Conclusion: An explosive epidemic of HIV-1 occurred among sex workers in a semi-rural area of northern Thailand from 1989. These HIV-1 incidence estimates, which are among the highest rates of sexual transmission ever reported, highlight the extreme vulnerability of female sex workers to HIV infection, even in a non-urban setting.

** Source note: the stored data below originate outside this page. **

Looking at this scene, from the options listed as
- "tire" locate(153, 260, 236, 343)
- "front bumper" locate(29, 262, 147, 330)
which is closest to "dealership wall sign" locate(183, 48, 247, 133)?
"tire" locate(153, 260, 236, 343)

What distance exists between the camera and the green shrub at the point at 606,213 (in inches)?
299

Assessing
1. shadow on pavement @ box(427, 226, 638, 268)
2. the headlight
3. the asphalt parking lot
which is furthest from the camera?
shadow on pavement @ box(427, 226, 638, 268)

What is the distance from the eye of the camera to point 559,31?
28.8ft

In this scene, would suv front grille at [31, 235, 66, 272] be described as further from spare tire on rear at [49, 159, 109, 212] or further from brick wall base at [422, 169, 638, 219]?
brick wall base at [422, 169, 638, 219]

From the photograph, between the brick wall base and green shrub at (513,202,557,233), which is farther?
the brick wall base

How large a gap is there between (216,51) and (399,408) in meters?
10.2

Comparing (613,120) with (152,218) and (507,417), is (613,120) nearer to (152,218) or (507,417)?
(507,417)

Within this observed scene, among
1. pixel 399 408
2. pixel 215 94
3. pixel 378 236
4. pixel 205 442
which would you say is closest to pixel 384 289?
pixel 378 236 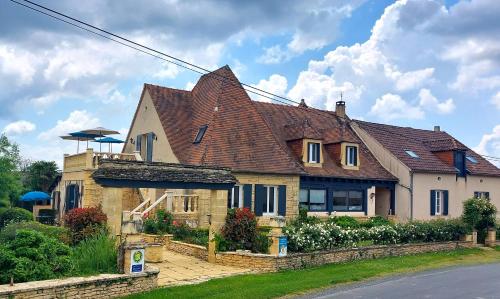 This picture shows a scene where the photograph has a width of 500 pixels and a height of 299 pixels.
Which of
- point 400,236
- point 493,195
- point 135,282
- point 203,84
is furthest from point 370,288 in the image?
point 493,195

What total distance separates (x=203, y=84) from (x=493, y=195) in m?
23.7

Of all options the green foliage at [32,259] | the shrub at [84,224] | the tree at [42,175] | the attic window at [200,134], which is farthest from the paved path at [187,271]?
the tree at [42,175]

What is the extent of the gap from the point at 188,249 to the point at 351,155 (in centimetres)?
1596

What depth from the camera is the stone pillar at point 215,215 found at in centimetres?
1862

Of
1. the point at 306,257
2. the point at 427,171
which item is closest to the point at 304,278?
the point at 306,257

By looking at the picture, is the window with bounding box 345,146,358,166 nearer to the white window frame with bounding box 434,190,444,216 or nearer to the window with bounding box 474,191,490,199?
the white window frame with bounding box 434,190,444,216

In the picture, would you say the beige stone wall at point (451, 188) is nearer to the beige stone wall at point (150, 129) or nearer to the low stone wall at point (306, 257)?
the low stone wall at point (306, 257)

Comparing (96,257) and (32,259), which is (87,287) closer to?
(32,259)

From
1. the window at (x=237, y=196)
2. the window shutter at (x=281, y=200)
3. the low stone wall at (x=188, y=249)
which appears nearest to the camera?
the low stone wall at (x=188, y=249)

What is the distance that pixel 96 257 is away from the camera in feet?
45.9

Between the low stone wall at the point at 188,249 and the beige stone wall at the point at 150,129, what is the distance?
7198 millimetres

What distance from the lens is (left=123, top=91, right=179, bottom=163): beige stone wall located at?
28.8 meters

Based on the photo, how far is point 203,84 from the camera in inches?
1298

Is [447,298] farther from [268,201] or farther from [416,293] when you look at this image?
[268,201] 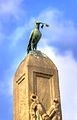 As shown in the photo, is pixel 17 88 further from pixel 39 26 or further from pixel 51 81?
pixel 39 26

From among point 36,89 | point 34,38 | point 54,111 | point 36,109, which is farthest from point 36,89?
point 34,38

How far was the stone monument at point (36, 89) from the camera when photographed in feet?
45.8

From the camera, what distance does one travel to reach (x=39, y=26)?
1577 cm

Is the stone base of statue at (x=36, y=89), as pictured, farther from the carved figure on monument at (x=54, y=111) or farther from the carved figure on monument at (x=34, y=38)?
the carved figure on monument at (x=34, y=38)

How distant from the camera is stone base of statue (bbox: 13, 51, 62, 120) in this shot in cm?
1396

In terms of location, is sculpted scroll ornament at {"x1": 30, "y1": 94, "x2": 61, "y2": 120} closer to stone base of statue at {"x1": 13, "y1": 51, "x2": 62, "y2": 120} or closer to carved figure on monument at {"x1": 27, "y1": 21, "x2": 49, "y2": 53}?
stone base of statue at {"x1": 13, "y1": 51, "x2": 62, "y2": 120}

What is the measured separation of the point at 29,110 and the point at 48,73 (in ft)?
5.64

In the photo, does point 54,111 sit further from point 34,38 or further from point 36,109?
point 34,38

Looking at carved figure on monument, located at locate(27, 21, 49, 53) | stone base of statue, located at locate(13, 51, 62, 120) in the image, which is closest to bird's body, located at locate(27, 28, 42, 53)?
carved figure on monument, located at locate(27, 21, 49, 53)

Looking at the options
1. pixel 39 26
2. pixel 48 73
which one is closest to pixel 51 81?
pixel 48 73

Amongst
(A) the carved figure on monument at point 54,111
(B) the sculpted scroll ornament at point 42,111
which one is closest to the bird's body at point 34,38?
(B) the sculpted scroll ornament at point 42,111

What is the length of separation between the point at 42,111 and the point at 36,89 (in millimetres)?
907

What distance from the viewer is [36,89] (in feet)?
47.4

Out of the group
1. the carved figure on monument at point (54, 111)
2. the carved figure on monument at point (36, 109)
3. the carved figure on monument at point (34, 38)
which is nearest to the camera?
the carved figure on monument at point (36, 109) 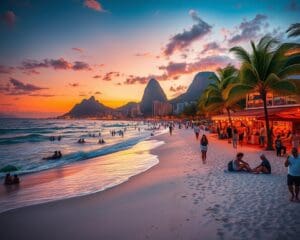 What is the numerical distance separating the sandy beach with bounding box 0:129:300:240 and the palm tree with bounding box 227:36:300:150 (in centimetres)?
818

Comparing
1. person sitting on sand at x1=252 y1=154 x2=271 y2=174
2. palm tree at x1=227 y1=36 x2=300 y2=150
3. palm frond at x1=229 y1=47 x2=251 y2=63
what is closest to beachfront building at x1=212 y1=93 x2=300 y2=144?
palm tree at x1=227 y1=36 x2=300 y2=150

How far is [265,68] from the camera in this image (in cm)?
1678

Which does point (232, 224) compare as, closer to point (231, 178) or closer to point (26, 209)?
point (231, 178)

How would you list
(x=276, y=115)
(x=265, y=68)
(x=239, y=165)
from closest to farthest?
(x=239, y=165)
(x=276, y=115)
(x=265, y=68)

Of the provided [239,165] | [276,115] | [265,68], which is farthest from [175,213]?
[265,68]

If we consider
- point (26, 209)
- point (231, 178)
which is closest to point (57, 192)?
point (26, 209)

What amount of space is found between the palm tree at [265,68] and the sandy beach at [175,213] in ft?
26.8

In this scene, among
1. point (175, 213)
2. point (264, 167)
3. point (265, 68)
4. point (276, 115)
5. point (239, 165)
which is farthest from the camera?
point (265, 68)

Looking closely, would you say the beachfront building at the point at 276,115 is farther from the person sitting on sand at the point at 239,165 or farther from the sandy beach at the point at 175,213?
the sandy beach at the point at 175,213

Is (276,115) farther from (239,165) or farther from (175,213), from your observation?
(175,213)

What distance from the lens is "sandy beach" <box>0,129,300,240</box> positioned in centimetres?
531

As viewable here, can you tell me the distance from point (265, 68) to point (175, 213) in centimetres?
1392

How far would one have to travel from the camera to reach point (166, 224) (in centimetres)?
580

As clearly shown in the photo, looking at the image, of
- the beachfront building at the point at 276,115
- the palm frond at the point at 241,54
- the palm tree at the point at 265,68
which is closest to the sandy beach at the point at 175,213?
the beachfront building at the point at 276,115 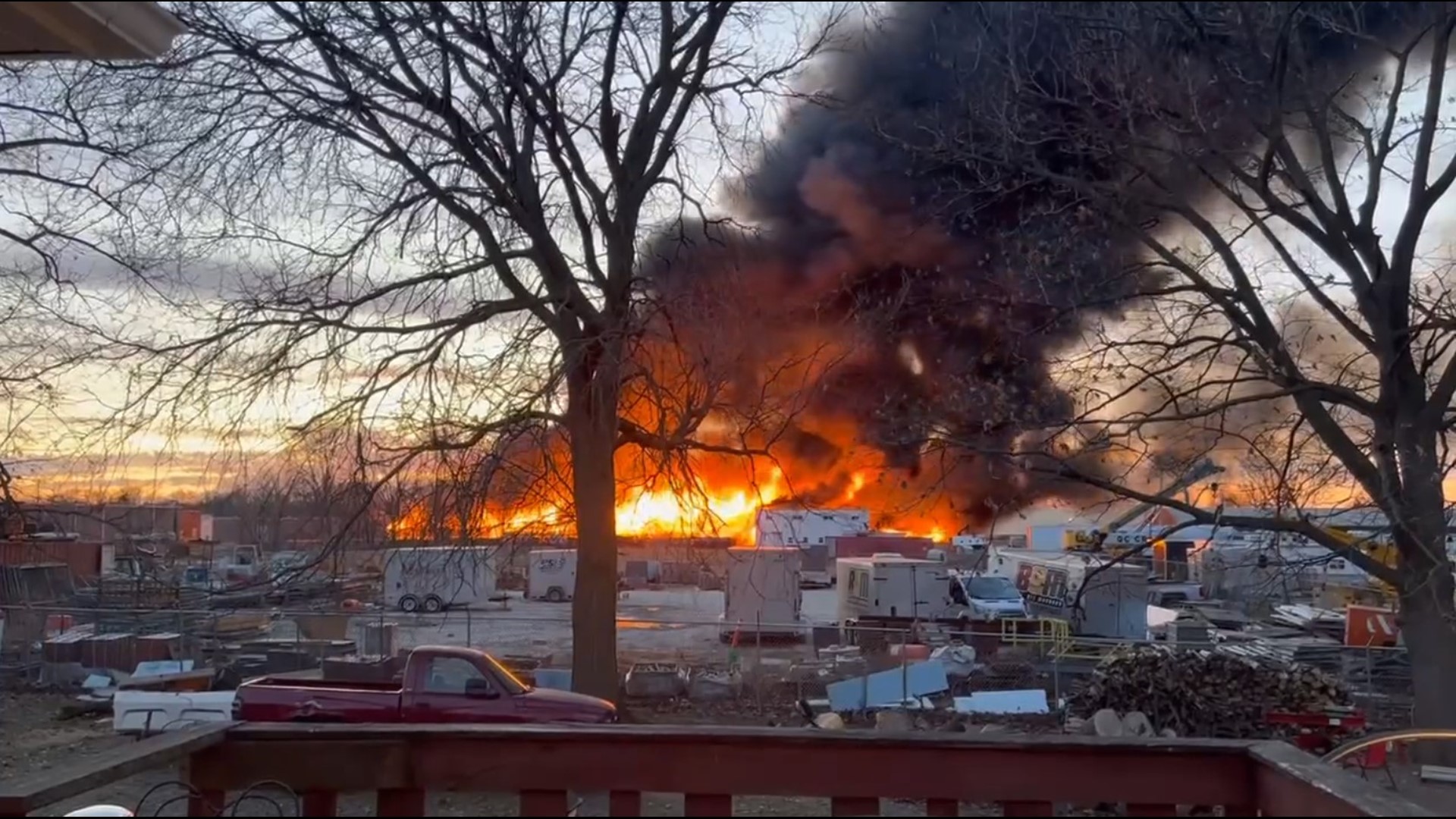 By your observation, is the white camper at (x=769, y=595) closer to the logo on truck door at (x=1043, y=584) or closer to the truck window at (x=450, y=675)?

PIP: A retrospective study of 821 commercial sex workers attending a sexually transmitted disease (STD) clinic in northern Thailand's Chiang Rai Province from 1989 to 1993 revealed an explosive epidemic of human immunodeficiency virus (HIV). The overall seroprevalence among the 556 women for whom antibody tests were available was 52.3%. However, a dramatic increase in HIV-1 seroprevalence occurred from 1989 (29.3%) to 1990 (54.1%), followed by a leveling off through 1993. Among the 96 (36.2%) initial seronegatives who underwent subsequent testing, 64 seroconverted over a mean follow-up period of 5.9 months, yielding an incidence rate of 12.6/100 person-months. Incidence increased from 12.0/100 person-months in 1989 and 1990 to 17.0/100 person-months for 1991, and then declined to 9.3/100 person-months in 1992-93. The cumulative risk of seroconversion was 57% at 6 months after initial testing and 77% after 12 months. Diagnosis of chancroid during follow up was the only factor significantly associated with seroconversion. Although the retrospective nature of this study limits analysis of predictors of HIV infection in this population, the findings suggest a need for improved STD management.